La sentenza Ricci, in particolare, ha precisato che l'art. 129 c.p.p. non riveste una valenza prioritaria rispetto alla disciplina della inammissibilità, ma enuncia una regola di giudizio che deve essere adattata alla struttura del processo e che presuppone la proposizione di una valida impugnazione. Si è, altresì, osservato che "se la parte della sequenza processuale riferibile specificamente al rapporto d'impugnazione è inficiata da invalidità a causa dell'inammissibilità dell'atto introduttivo, il potere cognitivo dell'organo giudicante non può che rimanere circoscritto alla sola rilevazione di tale inammissibilità, che preclude l'esame del fatto in relazione al quale dovrebbe operare la causa di non punibilità ex art. 129 c.p.p. " (cfr. pag. 25 della sentenza Ricci).
Solo nel caso in cui, quindi, la prescrizione fosse maturata prima della sentenza d'appello e il ricorso fosse stato proposto recando, sia pur come unico motivo ammissibile, quello riferito alla prescrizione, il Collegio avrebbe potuto dichiararla, ferma restando la possibilità di dichiarare la prescrizione qualora il ricorso, invece, inammissibile non sia (poichè, in tal caso, il rapporto processuale si è validamente instaurato).
Nel caso del ricorrente, invece, il ricorso è inammissibile in tutti i suoi motivi e la questione del maturarsi della prescrizione non è stata dedotta nè con i motivi d'appello e nè con il ricorso per cassazione, sicchè rimane definitivamente "chiusa", dovendosi dare prevalenza all'inammissibilità ed alla preliminare ragione che il rapporto processuale non si è validamente formato.
7. Alla declaratoria d'inammissibilità del ricorso segue, ai sensi dell'art. 616 c.p.p., la condanna del ricorrente che lo ha proposto al pagamento delle spese processuali nonchè, ravvisandosi profili di colpa relativi alla causa di inammissibilità (cfr. sul punto Corte Cost. n. 186 del 2000), al versamento, a favore della Cassa delle Ammende, di una somma che si ritiene equo e congruo determinare in Euro 3.000.

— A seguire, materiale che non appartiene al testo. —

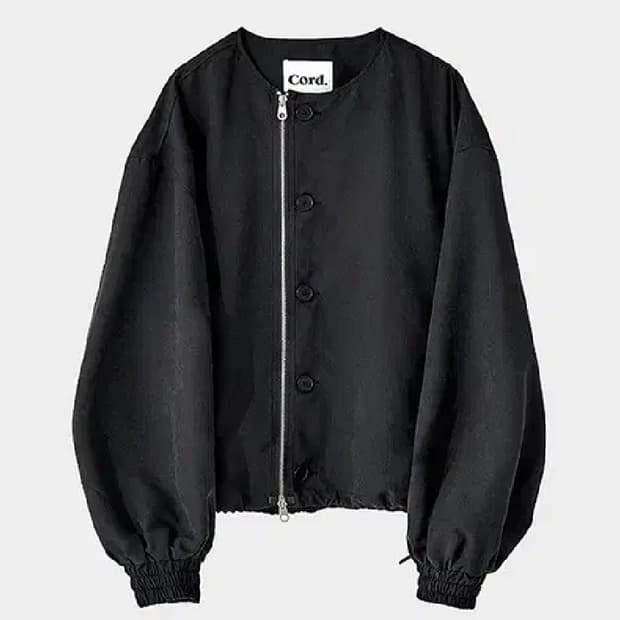 [M] CORD 코드 벌룬 SLV 콜라레스 자켓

7.1. Il ricorrente deve essere condannato anche alla rifusione delle spese di rappresentanza e difesa sostenute dalla parte civile, intervenuta in udienza tramite il proprio difensore nella presente fase di giudizio, spese che si ritiene equo liquidare in complessivi Euro 4.000, oltre accessori di legge.
7.2. Deve essere disposto, altresì, che siano omesse le generalità e gli altri dati identificativi, a norma del D.Lgs. n. 196 del 2003, art. 52, in quanto imposto dalla legge.
P.Q.M.
Dichiara inammissibile il ricorso e condanna il ricorrente al pagamento delle spese processuali e della somma di Euro tremila in favore della Cassa delle ammende. Condanna, inoltre, l'imputato alla rifusione delle spese di rappresentanza e difesa sostenute nel presente giudizio dalla parte civile che liquida in complessivi Euro 4000, oltre accessori di legge.
In caso di diffusione del provvedimento omettere le generalità e gli altri dati identificativi a norma del D.Lgs. n. 196 del 2003, art. 52 in quanto imposto dalla legge.
Conclusione
Così deciso in Roma, il 14 ottobre 2021.